## [What you need to do]
Below is a listing; retype exactly the line with "BMW Řada 7 30D 195 kW xDrive" and every line after it through the end, and only those, leaving out the pictures.

## [Data extract]
╭──

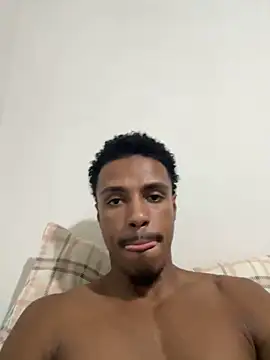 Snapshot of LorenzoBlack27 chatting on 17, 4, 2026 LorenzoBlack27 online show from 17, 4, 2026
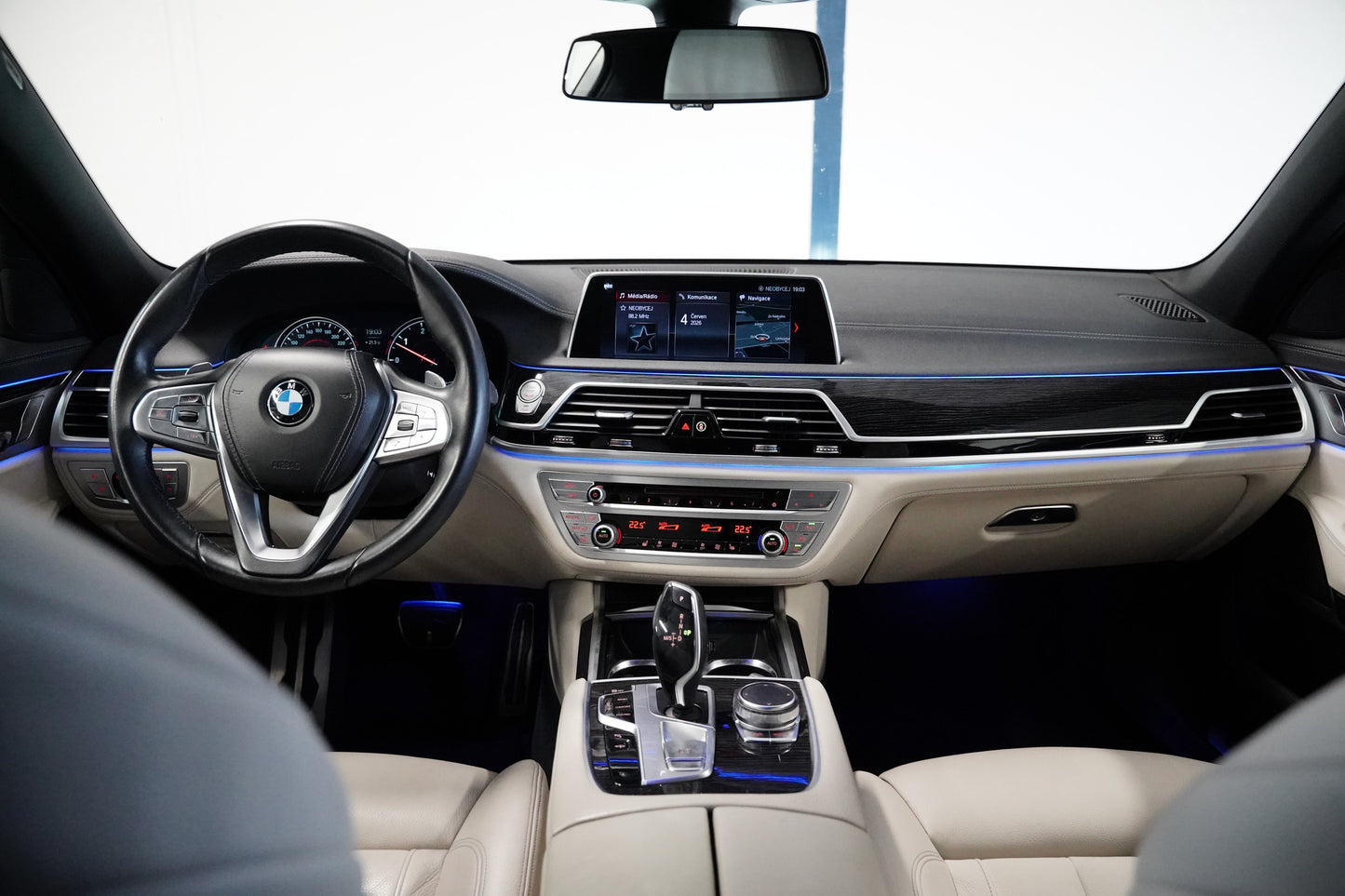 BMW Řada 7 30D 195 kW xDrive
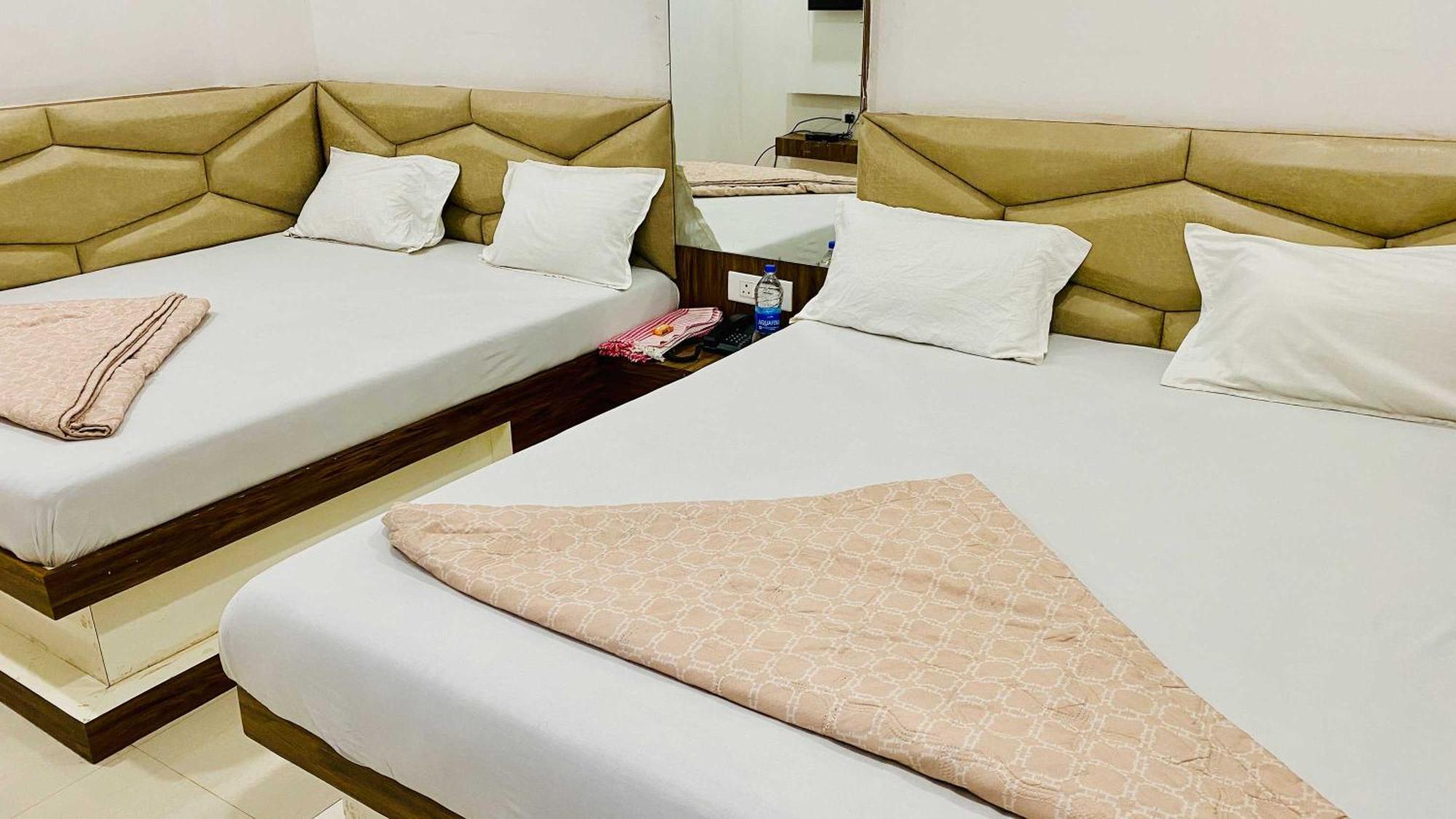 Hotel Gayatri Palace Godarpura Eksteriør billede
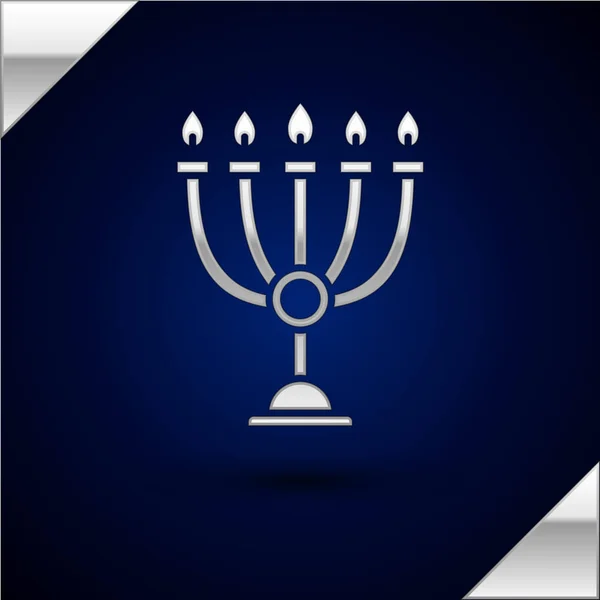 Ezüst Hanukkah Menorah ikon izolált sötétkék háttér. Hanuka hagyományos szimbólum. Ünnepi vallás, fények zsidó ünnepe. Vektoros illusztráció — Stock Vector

╰──

## [Task response]
 BMW Řada 7 30D 195 kW xDrive
 Hotel Gayatri Palace Godarpura Eksteriør billede
 Ezüst Hanukkah Menorah ikon izolált sötétkék háttér. Hanuka hagyományos szimbólum. Ünnepi vallás, fények zsidó ünnepe. Vektoros illusztráció — Stock Vector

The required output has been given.